Oh, man, will! I heard about this great new product. It comes from Italy, I think. At least, the guy on the commercial seems to be Italian. Anyway, it's called Boboli. Check it out, dude!
(My kids are actually very fond of the English muffin pizzas. I know it's lame, but what do you do?)
Eating English muffin pizzas because you like them is sensible; eating English muffin pizzas because someone scared you off making a pizza you would prefer is sorrowful.
Other: W T French Breakfast radishes? Really for breakfast? With the cafe au lait and a bit of bread? Huh.
Yeah, why not? Radishes sliced thin on bread with butter. Or lox!
156: Don't forget the salt!
I actually think a version of pizza bianco(a?) with thinly sliced radishes and crunchy salt flakes would be really, really good.
I'm convinced that radishes on a pizza would be fine, especially if thinly sliced. I apologize to the radish for doubting it. (Really. My doubt last night was voiced mostly with an eye toward whomever else might be dining upon said pizza. People can be close-minded with respect to pizza toppings, I think we can all agree. Heck, I don't offer just anyone my raw kale salad, either, because, you know.)

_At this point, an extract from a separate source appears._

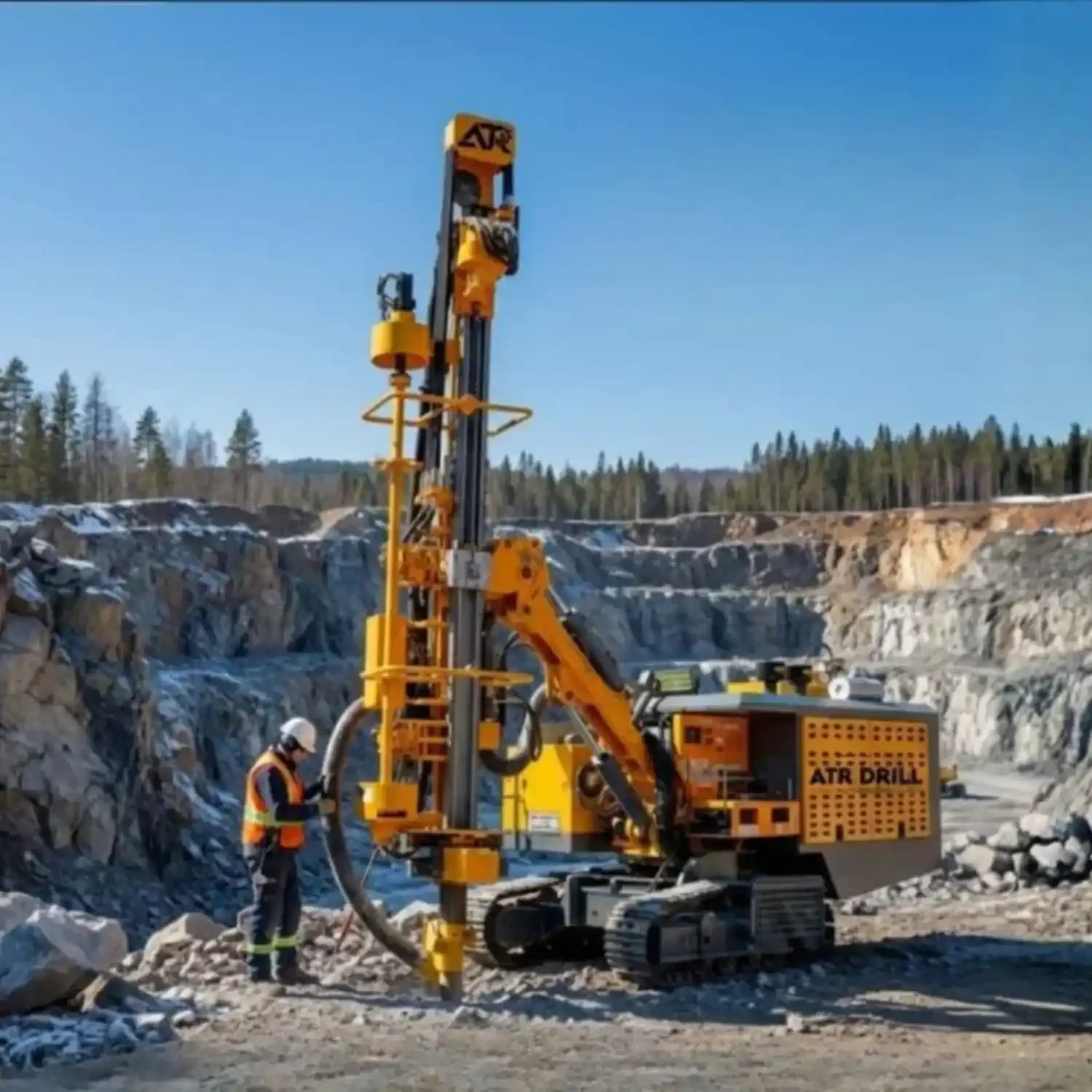 Blasting Machine For Top Hammer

In penance, I'ma put thinly sliced radishes on my next pizza, assuming I have any radishes.
154: My kids are actually very fond of the English muffin pizzas.
Pita pizzas are cool. Pizza on a large round of pita bread. It's thin-crust, obviously; cooks fast, very easy, don't have to worry much about possible soggy crust.
A good topping/sauce for this is a sort of unconstructed pesto: brush or otherwise smear around with the back of a spoon a teaspoon or more of olive oil on the pita (depending on size of pita), sprinkle on there some finely chopped pine nuts or walnuts, chopped fresh basil, and grated parmesan. Then add veggies of whatever sort, cut fairly small since this is a thin crust, top with cheese, bake for not very long -- 10 minutes maybe.
I used to love English muffin pizza. I probably would still like it, if I made it.
160: Writing out that comment made me totally crave one.
160: Writing out that comment made me totally crave one.
Like, I really craved it a lot, you see.
Stanley? Did you write out that comment? 160? I don't get it.
164: Writing out the original comment that mentions English muffins.
165: What, your writing that comment out of the screenplay? It's the key to the whole ending.
A your/you're error that almost "works".
I thought I'd mention in passing that radishes are incredibly easy to grow from seed, provided you have some sunlight.
You must procure a packet of radish seeds, of course, and must have a bed of soil, which can just be a pot of soil. You just sprinkle the seeds, which are quite tiny, onto the soil -- no need to dig a little hole for them, particularly, though it's wise to have the soil tossed about loosely, as it were -- and basically in a month or so you will have radishes.
I've only ever done this with the red spherical radishes (red globe), not with daikon radishes or any other longer-rooted types. It's kind of amazing, in any case, how simple they are. It's worth trying.
You can also grow olives from seed. Two things to keep in mind. First, it takes more than a month. Second, the red thing in the olive isn't a seed.
170: Pish.
By the way, I do not approve of the way Wikipedia has made its search box tiny and stuck way over in the corner like that. I had heard about this strange maneuver, but geez. CHANGE BAD.
No, really. Somebody said it wasn't a seed, but a palomino.
Second, the red thing in the olive isn't a seed.
What's the matter, Moby? Don't you support our drupes?
lately i've been making, in lieu of making english muffins, a sourdough oatbran flatbread (sort of cracker like). and schmear of pesto (sans cheese) on it.
i was thinking of making microgreens arugula tomorow. which would call for pizza.
169.2: Thanks for the idea. I just planted radishes this evening, a variety with the name "French Breakfast." The little one wants to grow pumpkins, which we also planted, but radishes have a chance of sprouting while he still remembers planting them.